RangeI-N lock is requested to test that insertion into key range will not interfere with another transaction that may potentially do some serializable operation incompatible with insertion (like reading for example).

During insertion of record into index database engine locates page, where key being inserted should be placed. Page and key locks are not used at this stage yet, only latches. Once page is located, engine starts acquiring locks necessary for performing insertion of record to the page. These are IX lock for the page located, then RangeI-N lock for the key next to key being inserted. Upon acquiring RangeI-N is not held, and next X lock for the key being inserted is requested. After necessary locks acquired, insertion of the record proceeds.
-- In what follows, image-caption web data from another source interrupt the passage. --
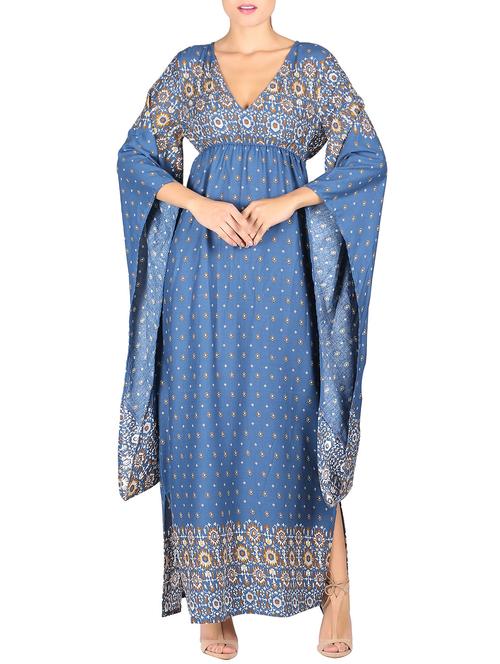 koastub blue rayon maxi dress - 14848514 - Very Small Image - 1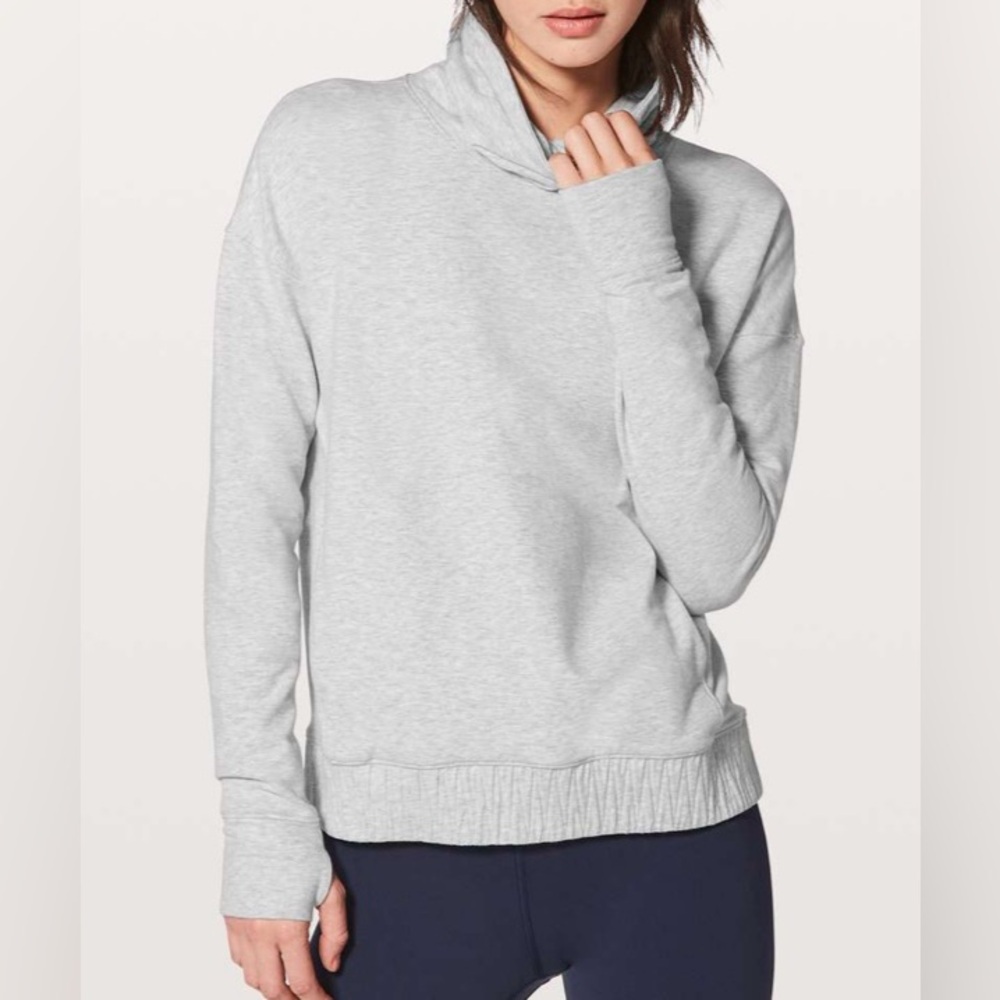 Lululemon Stress Less Pullover Heathered Core Ultra Light Grey Size 6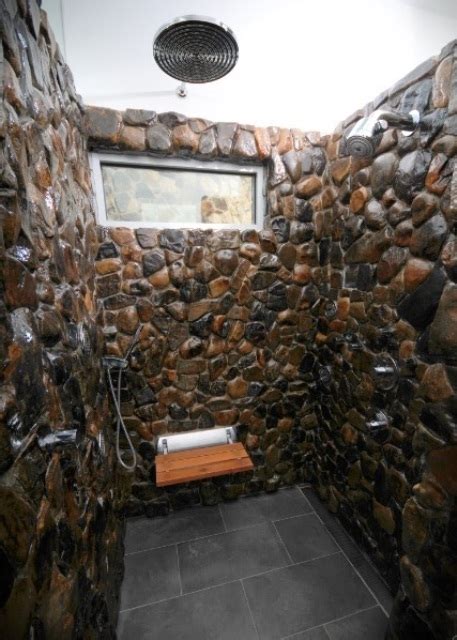 Stone is a natural material to use for décor, it brings a cozy and natural feel to any space, though it's costly and often hard to install, it's totally worth it. 61 Wonderful Stone Bathroom Designs - DigsDigs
Say we have table and data

CREATE TABLE T
(
    K int NOT NULL,
    CONSTRAINT UQ_T UNIQUE CLUSTERED (K)
);

INSERT INTO T (K)
VALUES (1), (2), (9), (10);

Let's take result of the following query

SELECT K, %%lockres%% AS lockres
FROM T;

which is

K    lockres
---- ---------------
1    (8194443284a0)
2    (61a06abd401c)
9    (30b7763ed433)
10   (d08358b1108f)

(we will refer to it in the things that follow).

Then, say we have a query

SELECT COUNT(*)
FROM T
WHERE K BETWEEN 1 AND 9;

Running it under SERIALIZABLE isolation level results to the following locking footprint

SELECT locking footprint

To protect key range, database engine locks every key in this range with RangeS-S lock. Additionally, key next to the range is locked (this is necessary for non-unique index, but engine is doing it for unique index too). In this case, locks are placed on resources corresponding (according to result of the query taken earlier) to keys 1, 2, 9 and 10.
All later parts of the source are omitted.